We have recently determined that this previously characterized pcm mutant in fact carries an amber mutation in rpoS derived from the JC7623 strain used in its construction and inadvertently cotransduced into the MC1000 background (31). This allele, now designated rpoS396, reduces RpoS activity, as measured by ςS-dependent HPII catalase activity at stationary phase, to about 10% of that in MC1000 (Table 2). Complementation studies were performed to determine whether the phenotypes observed for CL1010 were due to the pcm mutation, the rpoS mutation, or the combination. Previously, efforts at plasmid complementation had yielded ambiguous results which might be attributed to the difficulty of ensuring plasmid maintenance in long-term stationary-phase cultures, so we inserted a wild-type copy of pcm or rpoS into the bacteriophage lambda attachment site (attB) on the E. coli chromosome (strains JV1026 and HC1011, respectively) for these experiments. The complementing copy of pcm restored isoaspartyl methyltransferase activity to at least 50% of normal without affecting HPII catalase activity; similarly, the complementing rpoS restored HPII to wild-type levels but did not change the Pcm activity (Table 2).

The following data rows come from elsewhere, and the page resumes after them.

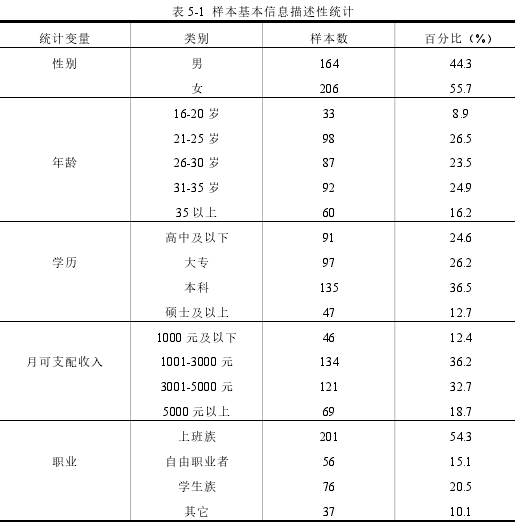 表 5-1 样本基本信息描述性统计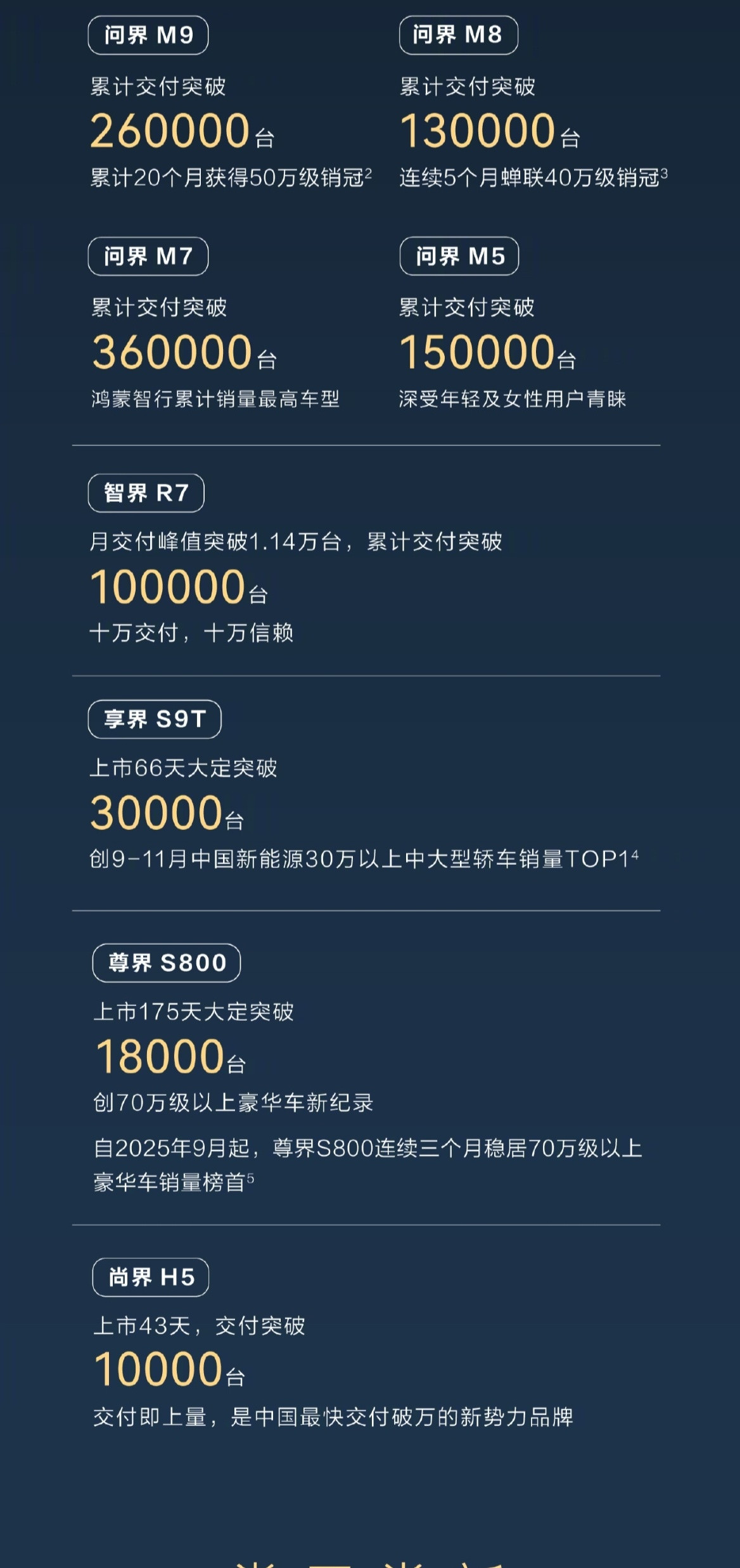 鸿蒙智行43个月破百万交付，这个速度确实配得上掌声。-问界打头阵建认知。-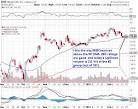 eric135: BIIB Biogen Idec Inc., LKQX LKQ Corp., UTEK Ultratech Inc...
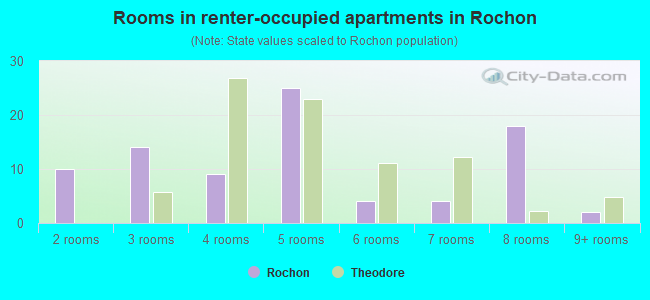 Rooms in renter-occupied apartments in Rochon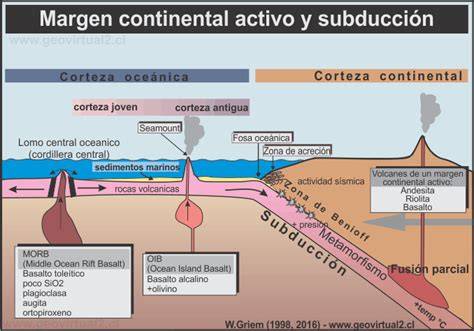 Esquema de subducción y zona sísmica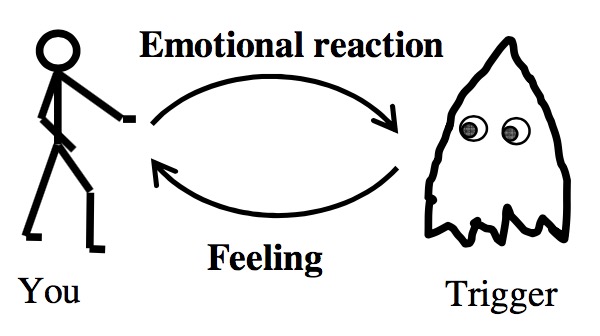 Feeling and emotion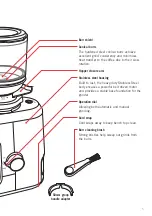 Preview for 35 page of Sunbeam PU8000 User Manual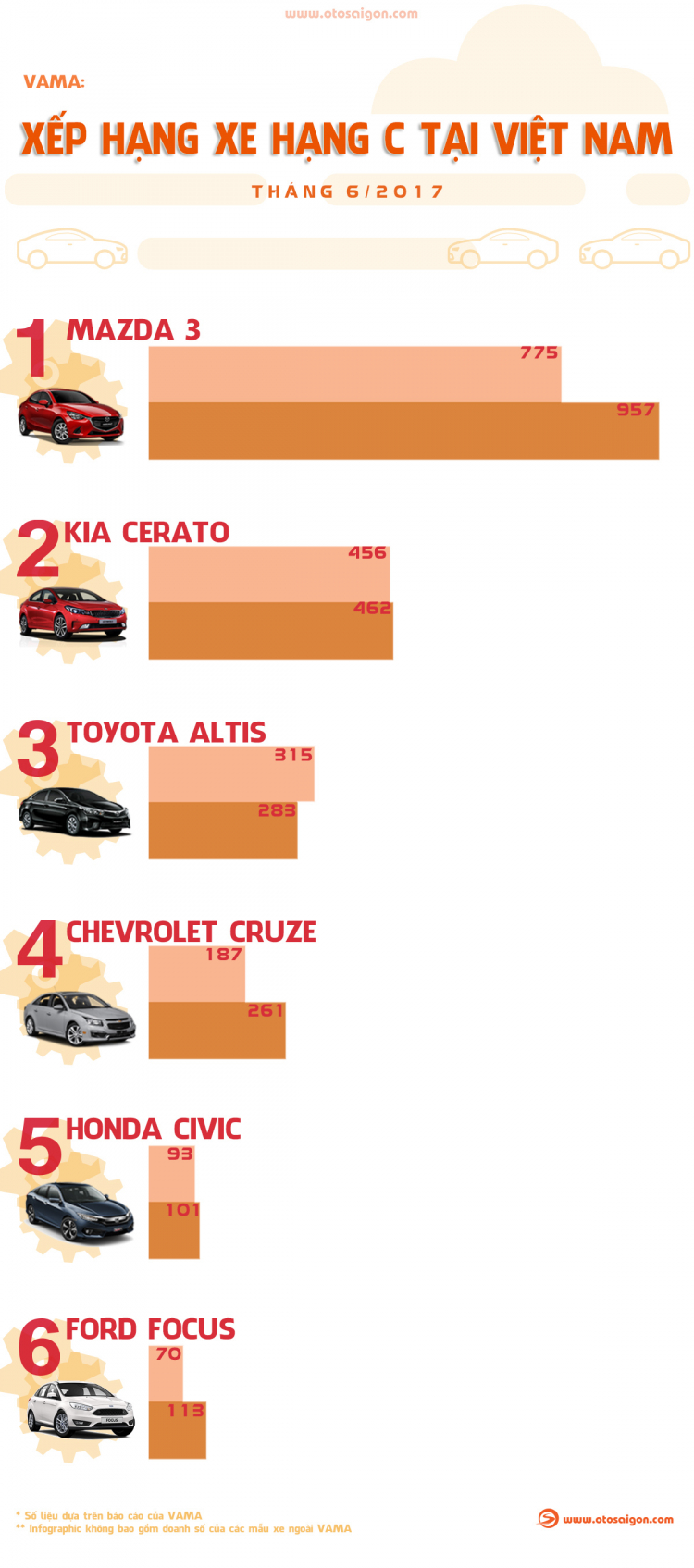 [INFOGRAPHIC] Xếp hạng xe hạng C tháng 6/2017 tại Việt Nam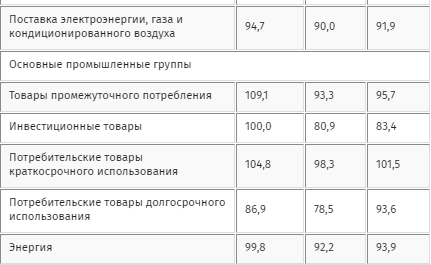 Скриншот: Государственная служба статистики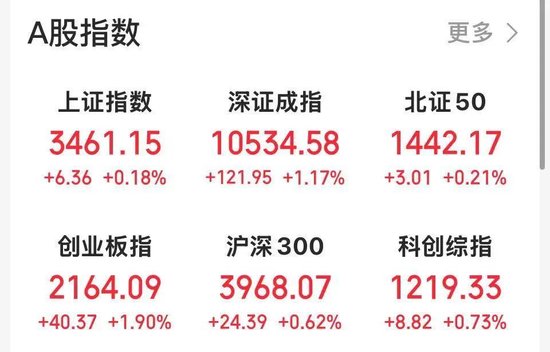 午后，4600亿元市值巨头涨停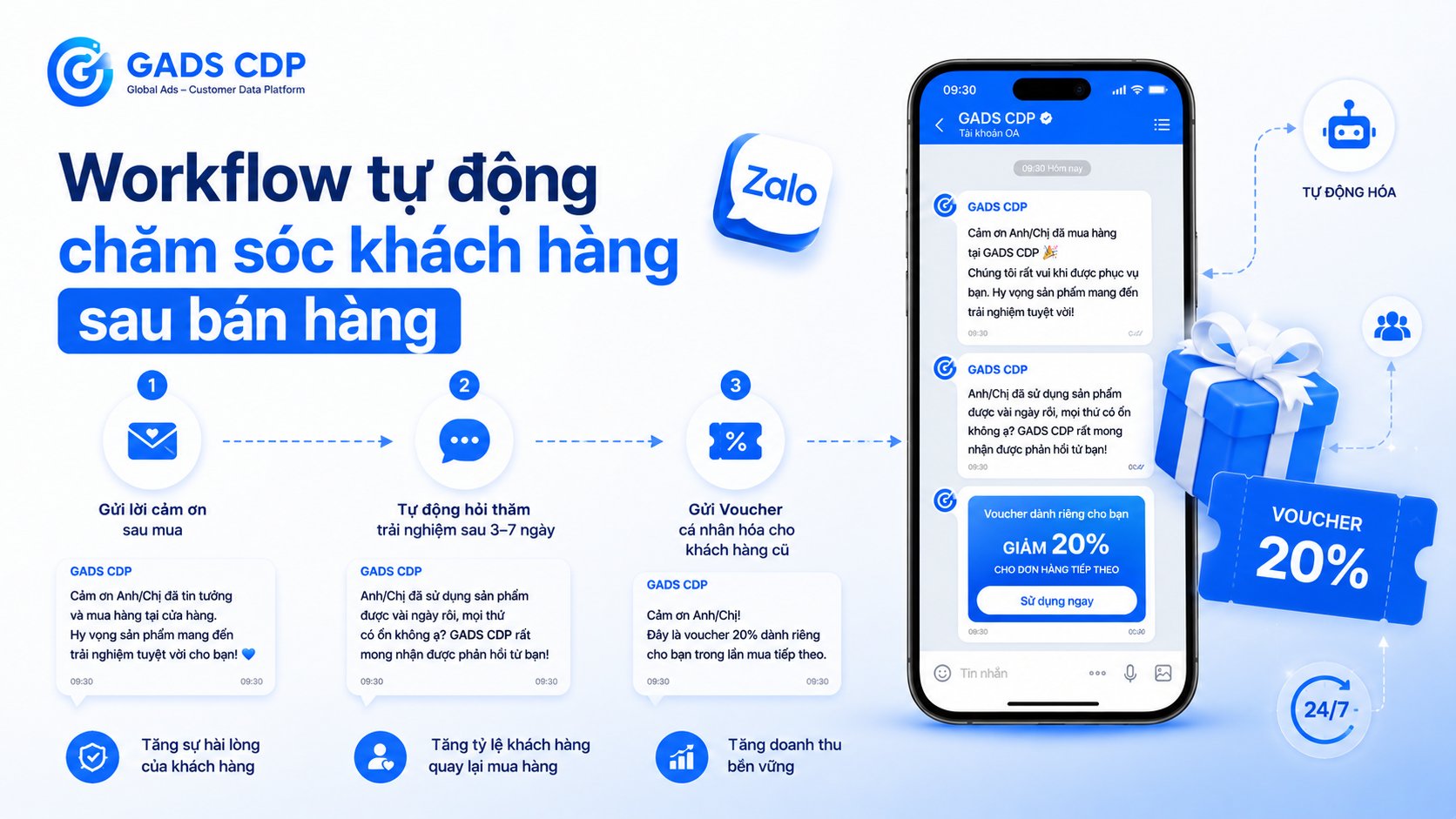 gửi tin nhắn hàng loạt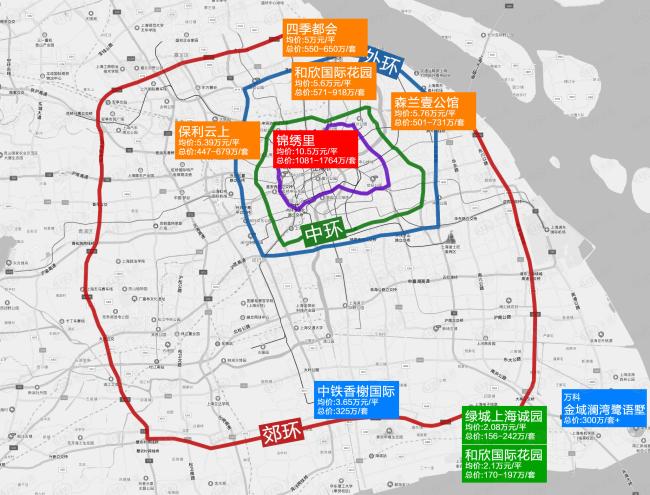 遍布在内环至郊环外区域内,浦东新区预开盘项目分布将较其他行政区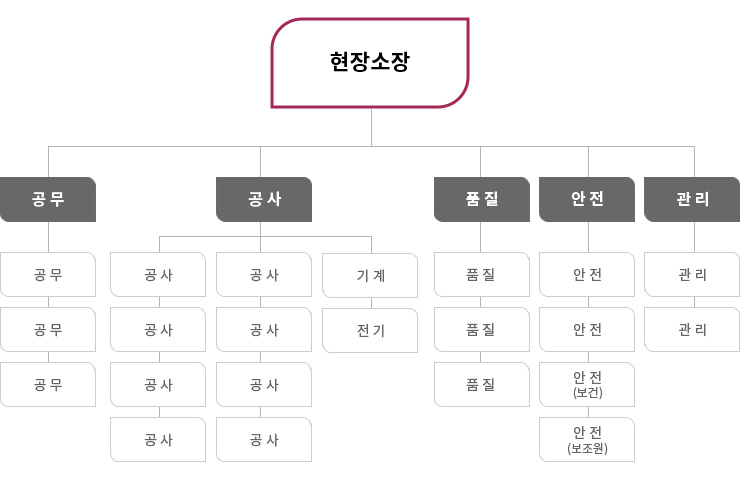 도봉산~옥정 광역철도 3공구 건설공사 조직도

When cultures were grown to stationary phase in minimal medium and monitored by plate counts of viable cells for 10 days (Fig. 1), the pcm+ complementing strain (JV1026) did not show any significant improvement in survival over the pcm mutant (CL1010). However, the introduction of a functional rpoS gene restored stationary-phase survival to wild-type levels (HC1011). Similarly, the reduced survival of heat, osmotic, and oxidative stresses observed for the pcm mutant strain was not relieved by a functional copy of pcm (Table 2, compare CL1010 to JV1026) but the phenotypes were complemented by the rpoS+ construct (Table 2, HC1011). Complementation with rpoS alone thus appears to be sufficient to overcome the survival defects of CL1010. These results suggest that the amber mutation in rpoS is responsible for the phenotypes previously reported for pcm mutants by Li and Clarke (12).

FIG. 1.

FIG. 1

Stationary-phase survival of pcm mutants and complemented strains. Cultures of the indicated strains were grown in M9 medium for 24 h (day 0), and the number of viable cells remaining was determined at intervals for the next 10 days. The number of CFU is shown as a percentage of the maximum number of CFU; the cultures did not always reach their maximum levels within the first 24 h. Survival of the original pcm deletion mutant strain, CL1010 (––□––) is shown compared to that of its parent, MC1000 (○), to those of strains complemented with a chromosomal wild-type pcm (JV1026) (▪) or rpoS (HC1011) (▴) gene, and to that of a newly constructed pcm deletion mutant strain, JV1068 (—□—).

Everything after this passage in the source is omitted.